The handling and processing of tomatoes requires inter alia that an enormous quantity of tomatoes be individually inspected and that culls, normally spoiled and/or green tomatoes, be removed. To perform this task manually is laborious and expensive; moreover there is an inherent subjective variation in the acceptance-rejection criteria to be followed.
To overcome this problem, automatic tomato sorters have recently become available. Normally, such sorters are constructed so that they can be used in conjunction with automatic tomato harvesting equipment such as is disclosed, for example, in U.S. Pat. Nos. 3,193,020 and 3,390,768. The tomato harvester described in these patents is driven through tomato fields, removes the tomatoes from the vines and deposits them on one or more tomato collection belts. The belts transport the tomatoes to a loading conveyor which discharges the tomatoes into trucks or the like drawn alongside the harvester.

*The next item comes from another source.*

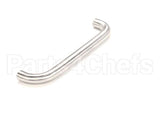 QU59-0011 Picard Ovens Handle Stainless Steel (Tube)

The automatic tomato sorters are positioned so that they intercept the flow of tomatoes on the collection belts, normally by arranging the tomatoes on a belt in a multiplicity of parallel rows and by individually viewing each tomato. If a tomato is determined to be a cull, e.g. if it is unacceptably green, a reject mechanism is energized which removes the tomato from the tomato flow and, normally discharges such cull onto the ground. The remaining tomatoes continue their normal course towards the discharge point.
In the past, the tomatoes were optically inspected by sensing an image of each tomato via suitable filters with a photo-sensitive device such as a photo-multiplier. The output of the photo-multipliers is supplied to a corresponding pair of matched logarithmic amplifiers the output of which is in turn sent to a summing amplifier for generating a red/green ratio signal. If the ratio signal exceeds a predetermined threshold, a reject signal is generated which energizes the reject mechanism and ejects the cull from the tomato flow.

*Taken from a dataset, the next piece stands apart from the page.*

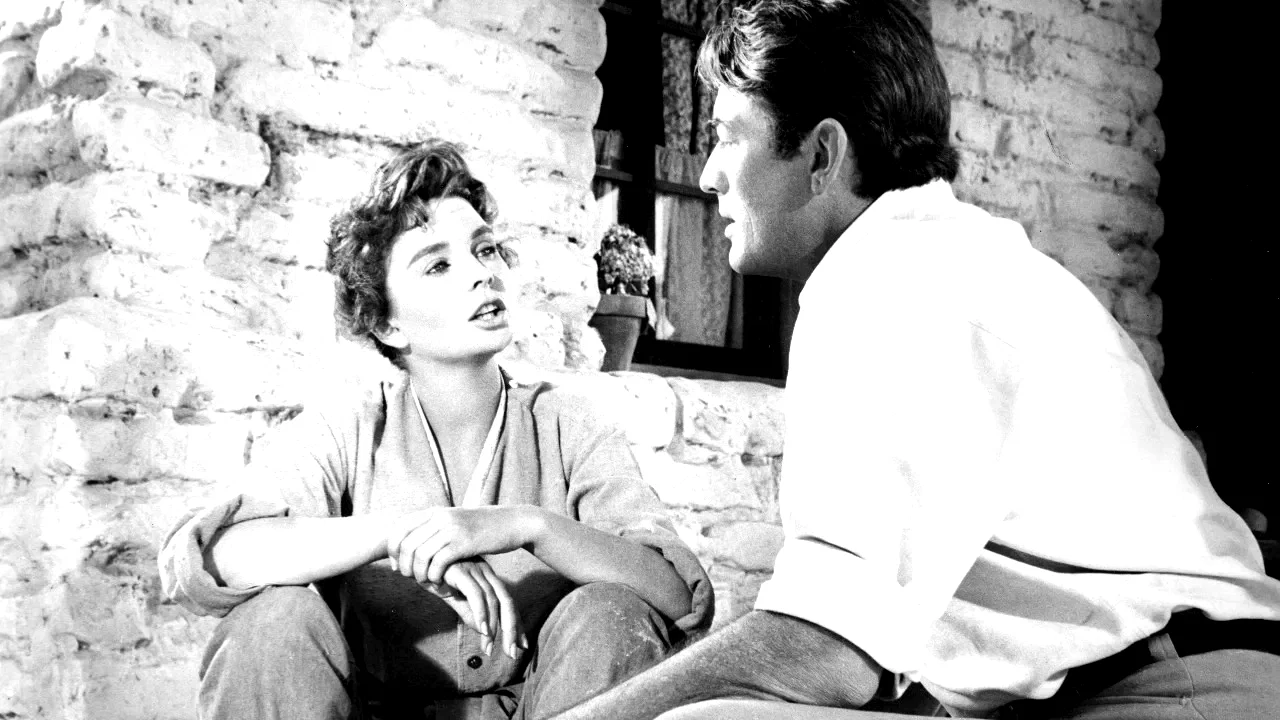 Photo 4 du film : Les Grands Espaces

Although such color sorters were a great improvement over the earlier manual sorting methods, the optics employed by them was sensitive and susceptible to error readings. The formation of a ratio signal requires first of all that the photo-multipliers receive light from the same point (on the tomato) and at the same time. Otherwise, the ratio signal is meaningless and the respective output signals are error signals which may lead to the rejection of a good tomato or to the acceptance of a cull.
When the image of the tomato is sensed by the photo-multipliers, great care must be taken that one of the photo-multipliers does not receive a predominant portion of its light from one part of the tomato while the other photo-multiplier receives a predominant portion of its light from another part of the tomato. Even the slightest misalignment of the components of the optics can lead to such a result. Accordingly, prior art systems of the type discussed above had to be manufactured with the utmost precision which, in turn, rendered them relatively expensive. Moreover, they required correspondingly more maintenance.
Lastly, in the rough environment of a tomato harvester, with continuous shock, vibration, dust and the like, slight optical misalignments could at times occur during use of the sorter. Any of these events can result in prolonged and expensive machine downtimes to effect the necessary repair. Since the tomato harvesting season is normally very short, a machine downtime of only a few days could seriously shorten the usefulness of the harvester for that year. In addition, if slight misalignments go undetected during harvesting operations large quantities of tomatoes, normally in the order of hundreds of tons for only a single day's production, might be rejected by processing plants due to an unacceptably high level of culls, e.g. green tomatoes in the total mass of tomatoes. In such an event, the tomatoes must be re-sorted, frequently an impossible task, or they must be discarded. In either event, the economic loss to the farmer is very large.